Advisory Committee to the Director – Updates from the NIH

June 18, 2021

The Advisory Committee to the Director of the National Institutes of Health (NIH) held its 122nd meeting on June 10th and 11th to provide expert guidance on a range of timely topics.

See the June 10th agenda and video.

See the June 11th agenda and video.

NIH Director, Francis S. Collins, opened the meeting with a report on endeavors in different areas and disciplines of science across the NIH that continue to progress despite restrictions of convening in person. He mentioned advances from NIH HEAL initiative to address methamphetamine use disorder and from NIA to prevent Alzheimer’s disease. NIH is contributing to an international cohort consortium to share how data is collected and how to best learn from comparisons, while leveraging diversity in heritage and environments to better understand health and illness.

Adrienne Hallett, Associate Director of the Office of Legislative Policy and Analysis, provided a brief legislative update explaining thar more information about the budget will come later this summer. House appropriations bills are currently working their way through the committee process, and Senate appropriators will likely begin committee consideration of appropriations bills in July. Meanwhile, the Endless Frontier Act (EFA), now the United States Innovation and Competition Act (USICA), an enormous authorizing package to expand science and technology investment, passed the Senate with some implications for the NIH. (See FABBS coverage here.)

Neil Shapiro, NIH Associate Director of Budget, provided a budget update for FY 21 and 22. (See FABBS coverage here). Increases for the current fiscal year are targeted towards Alzheimer’s disease, the BRAIN initiative, and chronic diseases and health disparities. FABBS previously commented on findings of the NIH working group addressing diversity within the BRAIN Initiative and advocated for inclusion of cognitive and behavioral sciences, found here.

As for the 2022 budget, $6.5 billion of the proposed NIH budget is allocated to the new Advanced Research Projects Agency—Health (ARPA-H, or HARPA). Director of the Office of Science and Technology Policy (OSTP) Dr. Eric S. Lander and Assistant Director for Biomedical Science Initiatives at OSTP Dr. Tara Schwetz provided coverage on the vision of the agency. Dr. Lander noted that President Biden aims for ARPA-H “to make pivotal investments in breakthrough technologies and broadly applicable platforms, capabilities, and resources that have the potential to transform important areas of medicine and health that cannot readily be accomplished through traditional research or commercial activity.”

FABBS recognizes that such pivotal breakthroughs rely on the foundation laid by basic scientific research as we continue to advocate for the cognitive, brain, and behavioral sciences to be included in the ARPA-H vision.

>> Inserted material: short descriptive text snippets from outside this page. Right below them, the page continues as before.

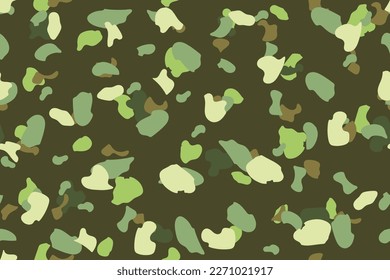 Patrón pekinés de hambre. Patrón Verde Moderno. Khaki Camo Paint. Camuflaje digital beige. El Ejército Brown Grunge. Camuflaje sin vectores. Campaña de vectores militares. Impresión sin inconvenientes. Pincel Camo de Woodland.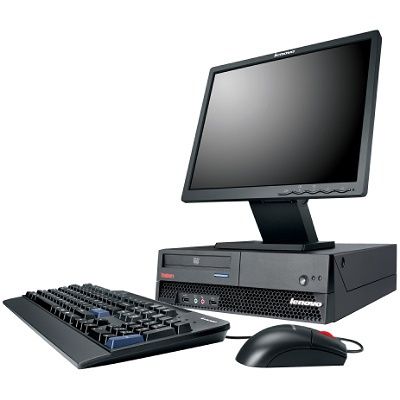 Lenovo ThinkCentre A57 Intel® Core™2 Duo E4600 2 GB DDR2-SDRAM 250 GB Intel® GMA 3100 Windows Vista Business SFF PC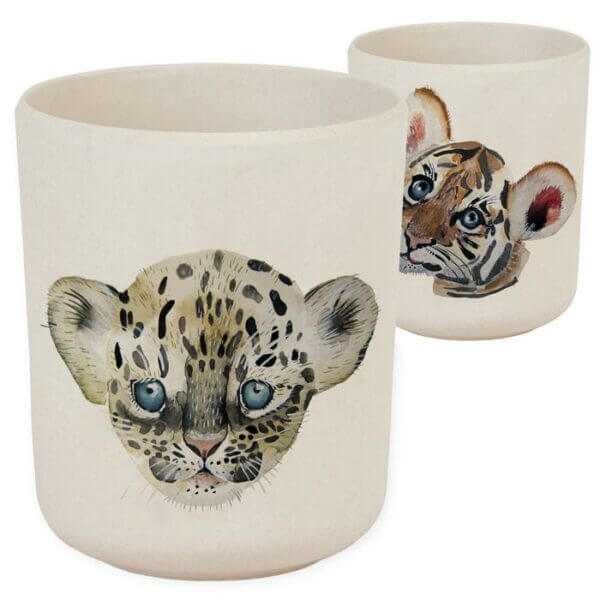 Molemin | Becher Tiger und Leopard | von nuukk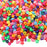 GMMA 900 Pcs Multi-Colored Plastic Craft Perforated Beads Bulk Rainbow Hair Beads, DIY Face Mask Pony Beads for Hair,DIY Bracelet Necklace Jewelry Making Supplies (Mixed Type)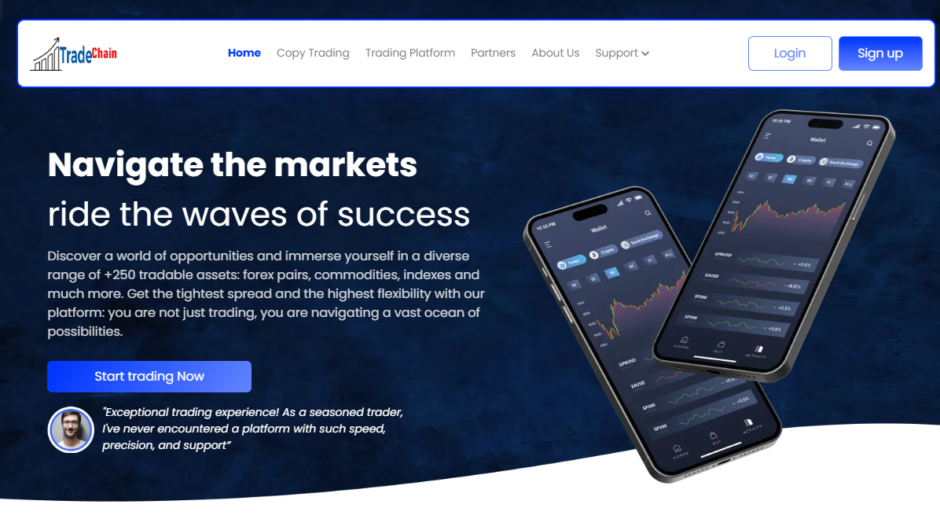 Trade Chain – отзывы, как вернуть деньги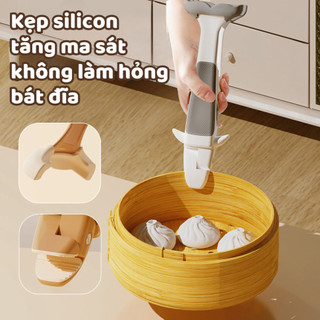 Dụng Cụ Kẹp Gắp Đồ Nóng 2 Trong 1 Chuyên Dụng Nhà Bếp Kẹp Chống Nóng Bỏng Tay Khi Bưng Đồ Ngói - KGDN01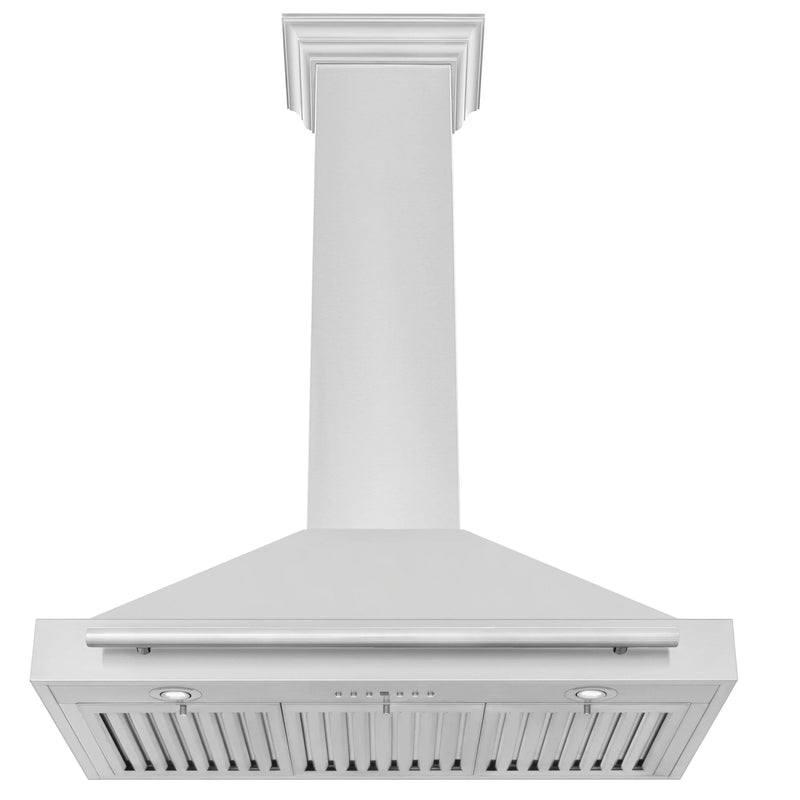 ZLINE 36" Stainless Steel Range Hood with Stainless Steel Handle 
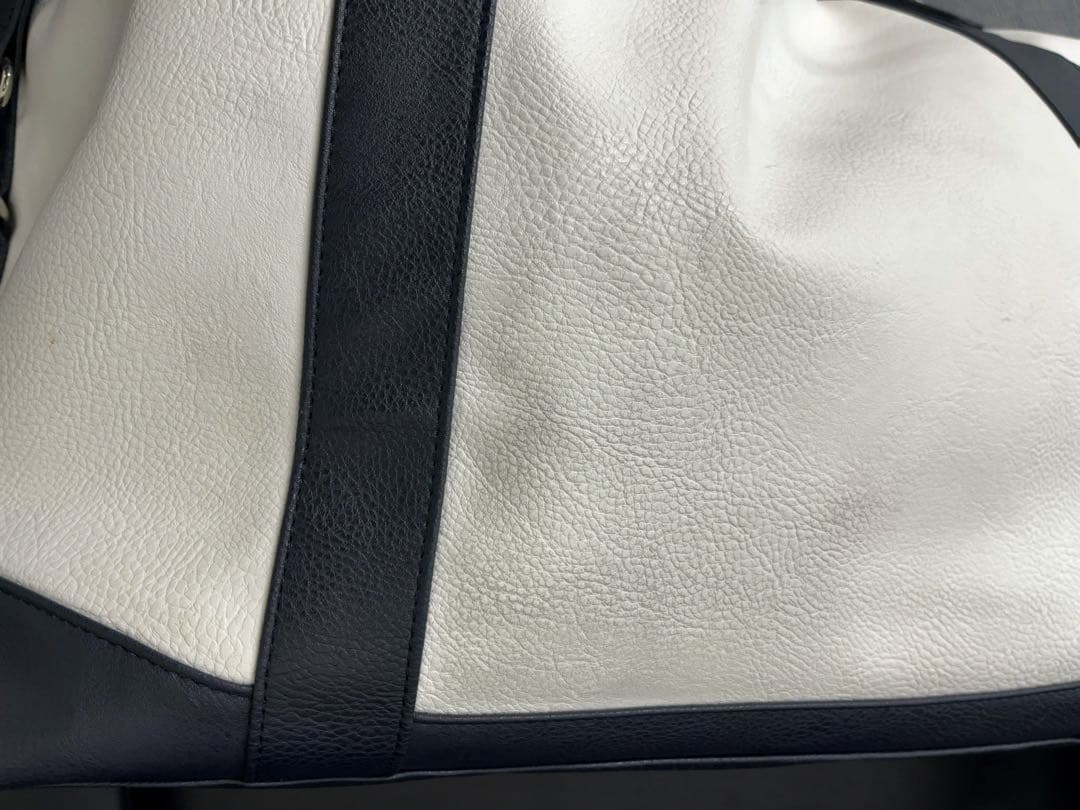 【非売品】ZENITH ゼニス　ノベルティボストンバッグ　ホワイト&ネイビー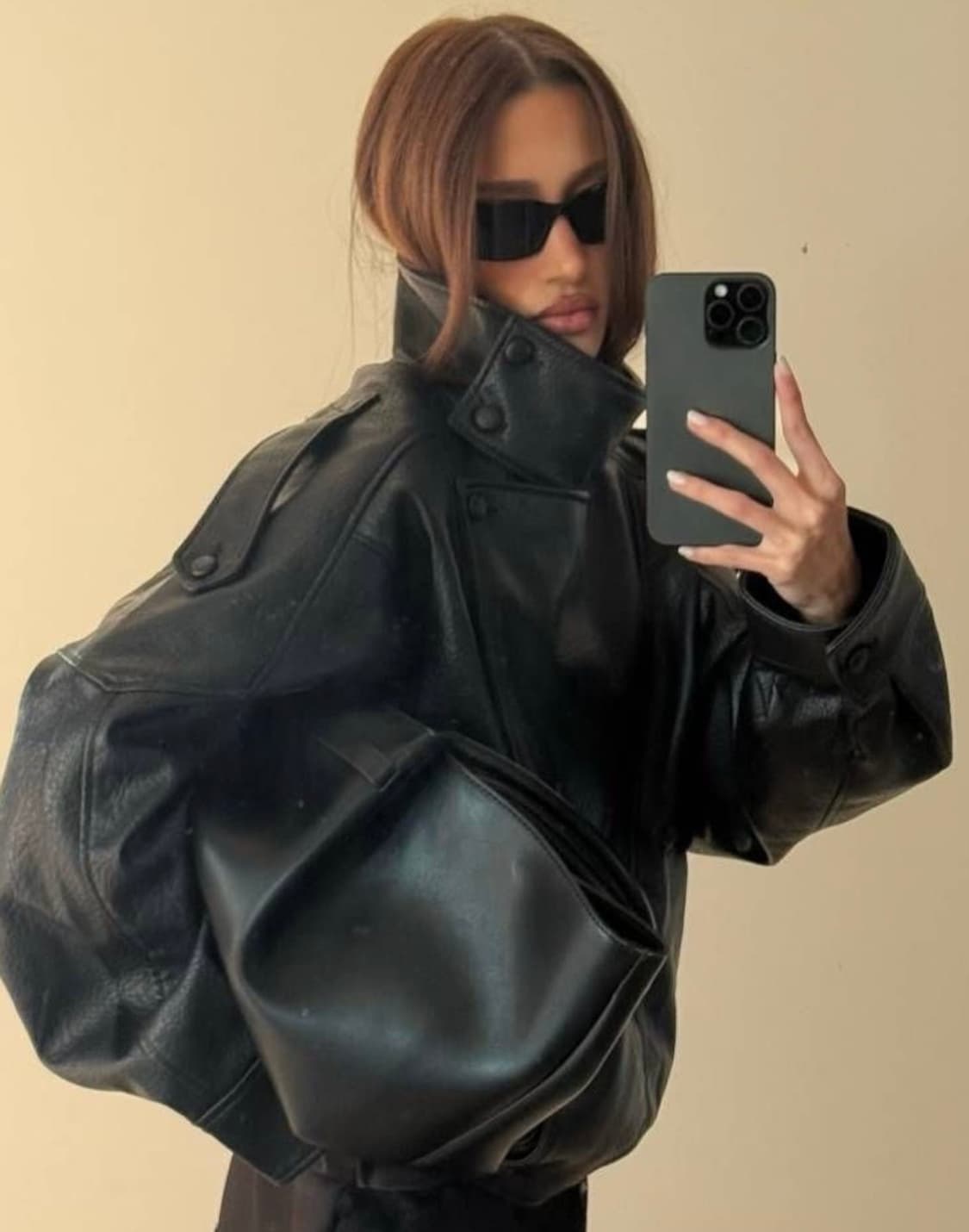 Zara 페이크 레더자켓 M (새상품) 상품이미지2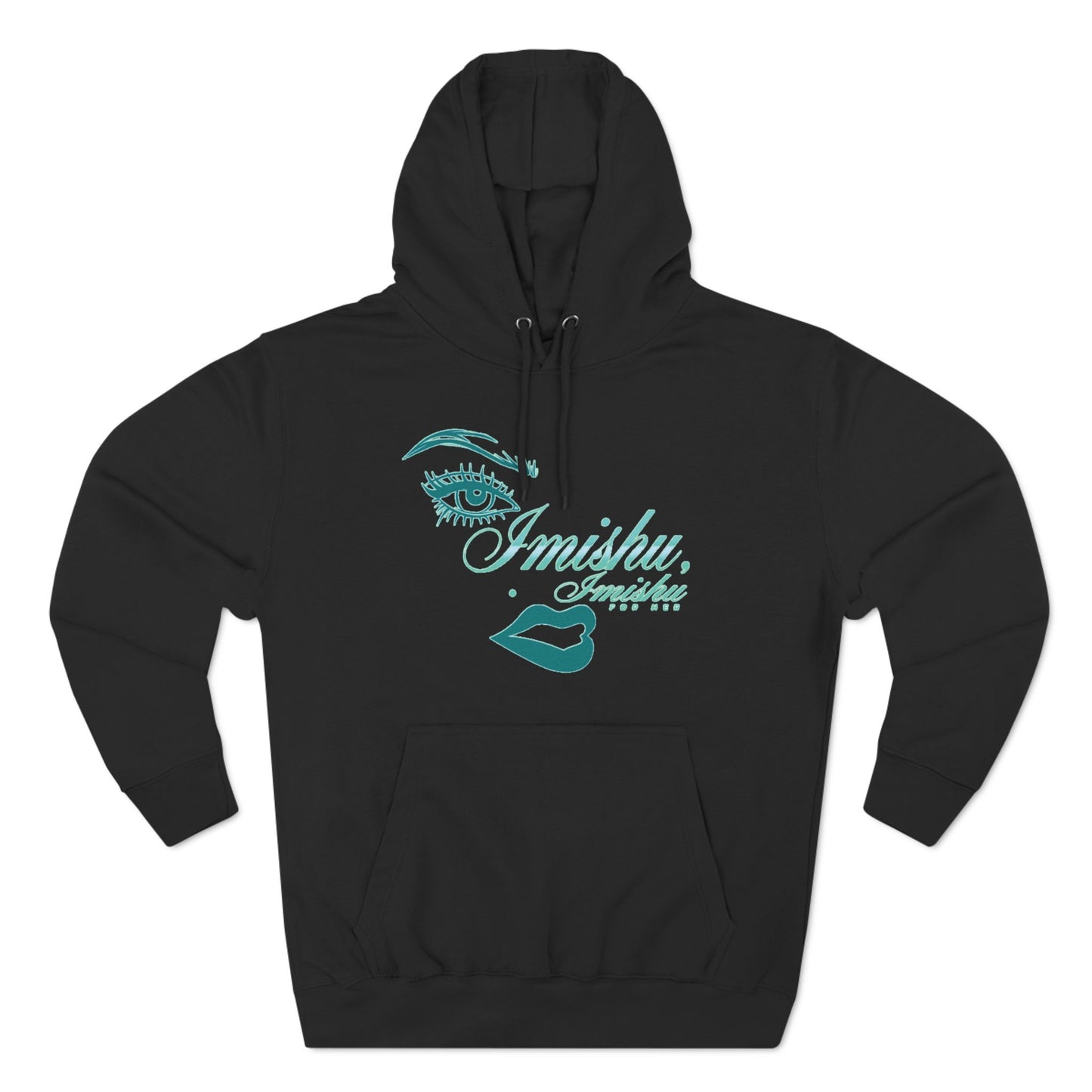 Imishu Fleece Hoodie - I Miss You Pullover - Imishu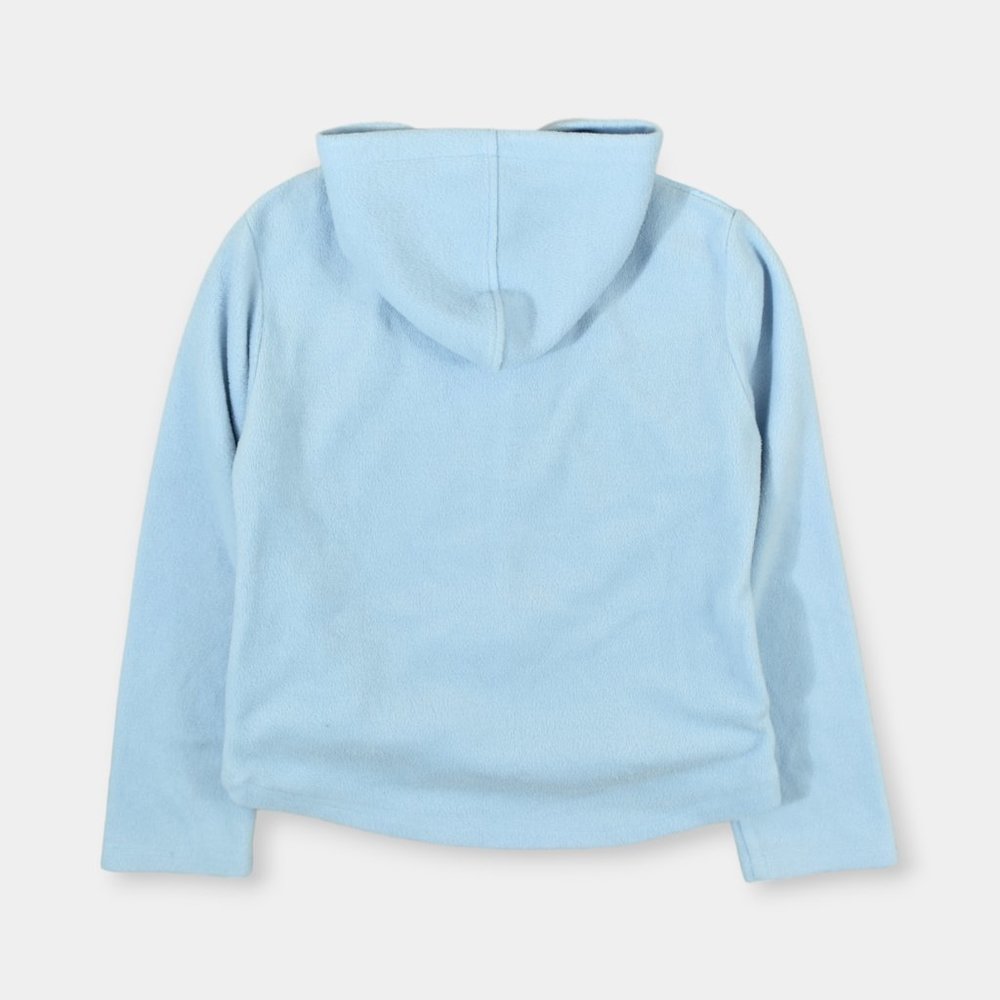 (XS) 2000's | Vintage Women's Bootleg Nike Hooded Fleece Full Zip Logo Blue - Picture 2 of 2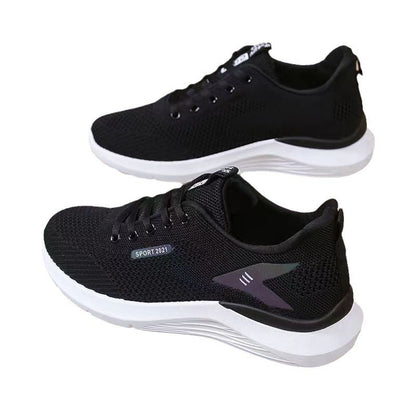 Damen Sneaker Atmungsaktiv Freizeitschuh mit Flexibler Sohle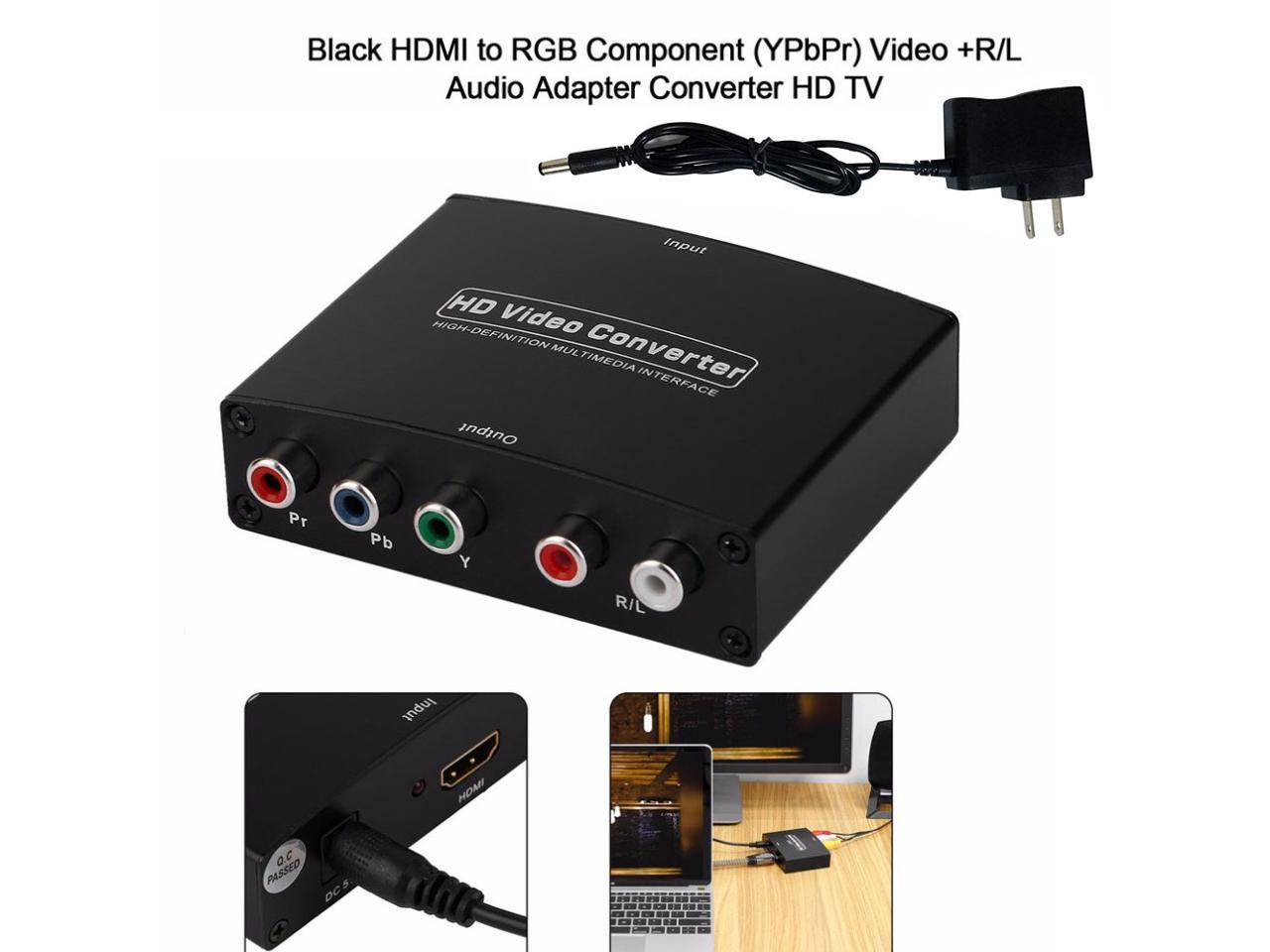 HDMI to 1080P Component Video (YPbPr) RGB + R/L Scaler Converter ...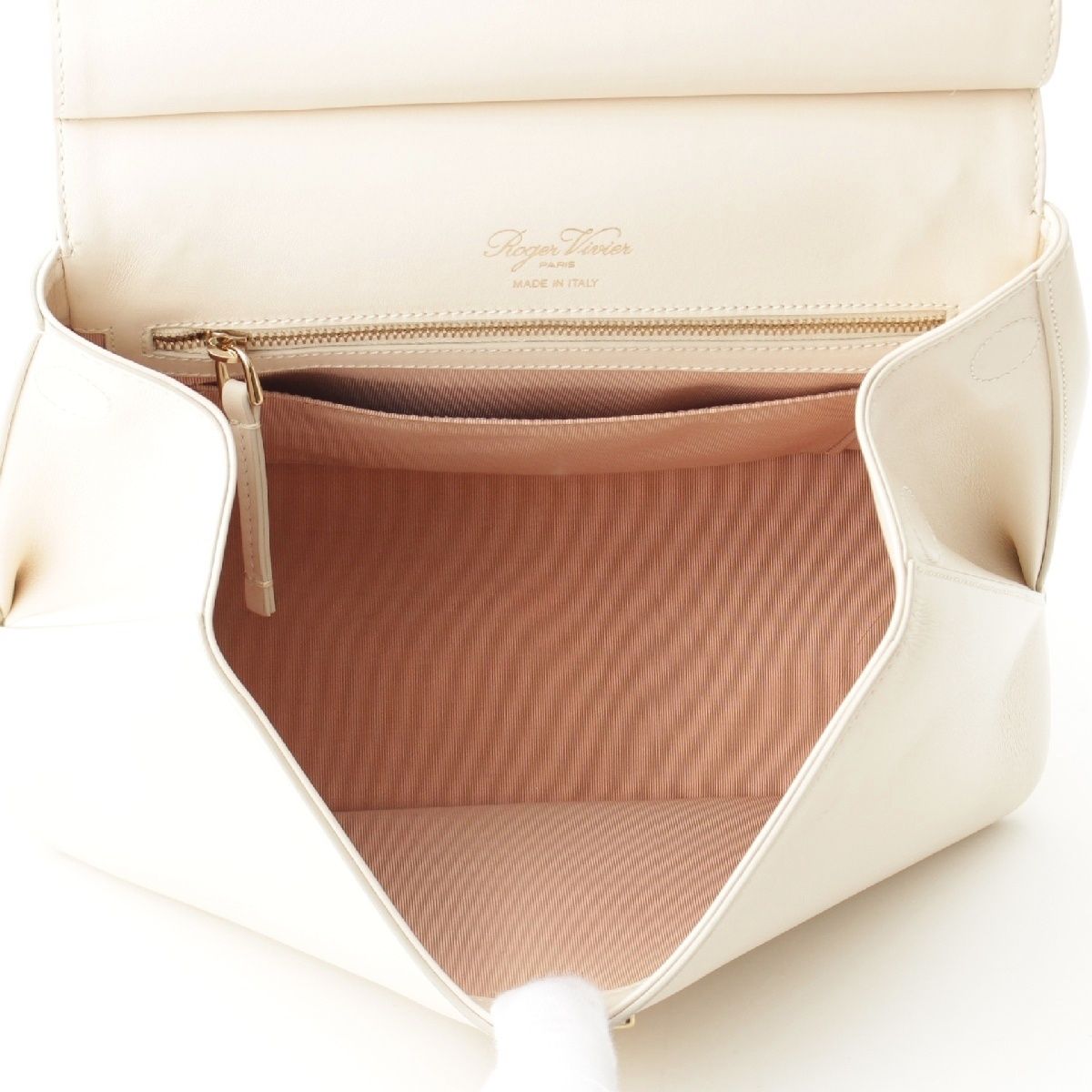 ロジェヴィヴィエ ヴィヴ カバ レザー バックル 2WAY ショルダー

Other increases to the NIH budget for FY 22 are targeted toward opioid and pain research, the  HEAL initiative, health disparities, mental health, pediatric research on the effects of COVID-19, the BRAIN initiative, the IMPROVE program, the ECHO program, and the INCLUDE project.

Dr. Anthony Fauci, Director of the National Institute of Allergy and Infectious Diseases, delivered an update on the state of the COVID-19 pandemic and pandemic research, citing efficacy rates for some of the vaccines, and other data collected from real-world cases as Covid-19 vaccine uptake increases.

Deputy Director of the National Heart, Lung, and Blood Institute Dr. Amy Patterson spoke about the new initiative Post-Acute Sequelae of SARS-CoV-2 (PASC), also known as “Long Covid” or “RECOVER: Researching COVID to Enhance Recovery.” Congress provided $1.15 billion in support for this trans-NIH initiative, a collaboration across 20 institutes, to investigate ongoing pandemic effects using a public health impact lens. The initiative aims for a multidisciplinary assessment of incidence, prevalence, risk factors, epidemiology, and outcomes, using a comprehensive collection of cases from electronic health records and real-world data, ongoing and new clinical cohorts, and autopsy studies, to encompass a diverse representation of participants. Updates will be posted on the recently launched RECOVER website.

Other presentations on day one included Accelerating COVID-19 Therapeutic Interventions, Community Engagement Research Alliance (CEAL), Rapid Acceleration of Diagnostics (RADx), and an update on NIH efforts to redress harassment.

NIH Chief Officer for Scientific Workforce Diversity Marie A. Bernard, the NIH Deputy Director for Management Alfred C. Johnson, and the NIH Principal Deputy Director Lawrence A. Tabak kicked off the second day with a presentation about the UNITE initiative. (See FABBS submitted comments.) Dr. Collins and the UNITE Committees reflected on the robust feedback from public and stakeholder organizations and recently released in-depth commentary of UNITE activities in the journal Cell. Opportunities are underway for the NIH to gather more feedback from both the extramural community and the internal NIH workforce.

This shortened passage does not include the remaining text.